* GOAL OF THE EXERCISE:
Copy the records below word for word, leaving out nothing.

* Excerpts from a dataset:
=== Begin Enclosure ===

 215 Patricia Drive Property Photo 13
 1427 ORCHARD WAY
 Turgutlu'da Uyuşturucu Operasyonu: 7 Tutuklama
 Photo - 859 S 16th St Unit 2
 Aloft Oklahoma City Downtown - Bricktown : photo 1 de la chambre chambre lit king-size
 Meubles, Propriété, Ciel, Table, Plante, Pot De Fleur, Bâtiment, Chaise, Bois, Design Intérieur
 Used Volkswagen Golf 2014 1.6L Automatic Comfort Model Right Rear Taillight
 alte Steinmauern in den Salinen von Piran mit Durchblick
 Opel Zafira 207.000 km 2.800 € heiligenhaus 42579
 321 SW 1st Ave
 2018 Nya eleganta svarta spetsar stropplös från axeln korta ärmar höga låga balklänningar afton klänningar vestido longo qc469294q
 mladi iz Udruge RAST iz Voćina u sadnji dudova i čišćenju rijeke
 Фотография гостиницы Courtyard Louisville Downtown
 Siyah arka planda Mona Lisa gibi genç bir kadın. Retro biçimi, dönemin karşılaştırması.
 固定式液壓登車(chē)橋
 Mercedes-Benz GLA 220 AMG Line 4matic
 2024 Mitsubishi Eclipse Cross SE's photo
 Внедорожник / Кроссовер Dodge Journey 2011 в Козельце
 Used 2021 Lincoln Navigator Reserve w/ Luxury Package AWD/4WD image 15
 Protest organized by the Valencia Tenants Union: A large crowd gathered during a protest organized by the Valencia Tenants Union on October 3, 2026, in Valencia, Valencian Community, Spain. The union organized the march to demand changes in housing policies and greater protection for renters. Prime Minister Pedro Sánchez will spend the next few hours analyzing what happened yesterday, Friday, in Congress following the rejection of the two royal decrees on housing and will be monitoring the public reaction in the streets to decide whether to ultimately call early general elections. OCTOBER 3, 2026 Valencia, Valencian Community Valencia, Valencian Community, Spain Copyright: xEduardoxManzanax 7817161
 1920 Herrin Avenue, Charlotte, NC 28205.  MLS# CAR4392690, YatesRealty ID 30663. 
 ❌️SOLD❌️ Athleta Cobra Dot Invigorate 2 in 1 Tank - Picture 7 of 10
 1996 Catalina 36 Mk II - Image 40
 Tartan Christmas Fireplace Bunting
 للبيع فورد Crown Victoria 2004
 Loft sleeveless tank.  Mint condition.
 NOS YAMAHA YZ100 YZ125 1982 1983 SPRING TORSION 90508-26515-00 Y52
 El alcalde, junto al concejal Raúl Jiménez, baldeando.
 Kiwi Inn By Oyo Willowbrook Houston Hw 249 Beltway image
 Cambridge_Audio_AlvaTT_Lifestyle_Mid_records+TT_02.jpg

=== End Enclosure ===

* RESPONSE TO THE TASK:
 215 Patricia Drive Property Photo 13
 1427 ORCHARD WAY
 Turgutlu'da Uyuşturucu Operasyonu: 7 Tutuklama
 Photo - 859 S 16th St Unit 2
 Aloft Oklahoma City Downtown - Bricktown : photo 1 de la chambre chambre lit king-size
 Meubles, Propriété, Ciel, Table, Plante, Pot De Fleur, Bâtiment, Chaise, Bois, Design Intérieur
 Used Volkswagen Golf 2014 1.6L Automatic Comfort Model Right Rear Taillight
 alte Steinmauern in den Salinen von Piran mit Durchblick
 Opel Zafira 207.000 km 2.800 € heiligenhaus 42579
 321 SW 1st Ave
 2018 Nya eleganta svarta spetsar stropplös från axeln korta ärmar höga låga balklänningar afton klänningar vestido longo qc469294q
 mladi iz Udruge RAST iz Voćina u sadnji dudova i čišćenju rijeke
 Фотография гостиницы Courtyard Louisville Downtown
 Siyah arka planda Mona Lisa gibi genç bir kadın. Retro biçimi, dönemin karşılaştırması.
 固定式液壓登車(chē)橋
 Mercedes-Benz GLA 220 AMG Line 4matic
 2024 Mitsubishi Eclipse Cross SE's photo
 Внедорожник / Кроссовер Dodge Journey 2011 в Козельце
 Used 2021 Lincoln Navigator Reserve w/ Luxury Package AWD/4WD image 15
 Protest organized by the Valencia Tenants Union: A large crowd gathered during a protest organized by the Valencia Tenants Union on October 3, 2026, in Valencia, Valencian Community, Spain. The union organized the march to demand changes in housing policies and greater protection for renters. Prime Minister Pedro Sánchez will spend the next few hours analyzing what happened yesterday, Friday, in Congress following the rejection of the two royal decrees on housing and will be monitoring the public reaction in the streets to decide whether to ultimately call early general elections. OCTOBER 3, 2026 Valencia, Valencian Community Valencia, Valencian Community, Spain Copyright: xEduardoxManzanax 7817161
 1920 Herrin Avenue, Charlotte, NC 28205.  MLS# CAR4392690, YatesRealty ID 30663. 
 ❌️SOLD❌️ Athleta Cobra Dot Invigorate 2 in 1 Tank - Picture 7 of 10
 1996 Catalina 36 Mk II - Image 40
 Tartan Christmas Fireplace Bunting
 للبيع فورد Crown Victoria 2004
 Loft sleeveless tank.  Mint condition.
 NOS YAMAHA YZ100 YZ125 1982 1983 SPRING TORSION 90508-26515-00 Y52
 El alcalde, junto al concejal Raúl Jiménez, baldeando.
 Kiwi Inn By Oyo Willowbrook Houston Hw 249 Beltway image
 Cambridge_Audio_AlvaTT_Lifestyle_Mid_records+TT_02.jpg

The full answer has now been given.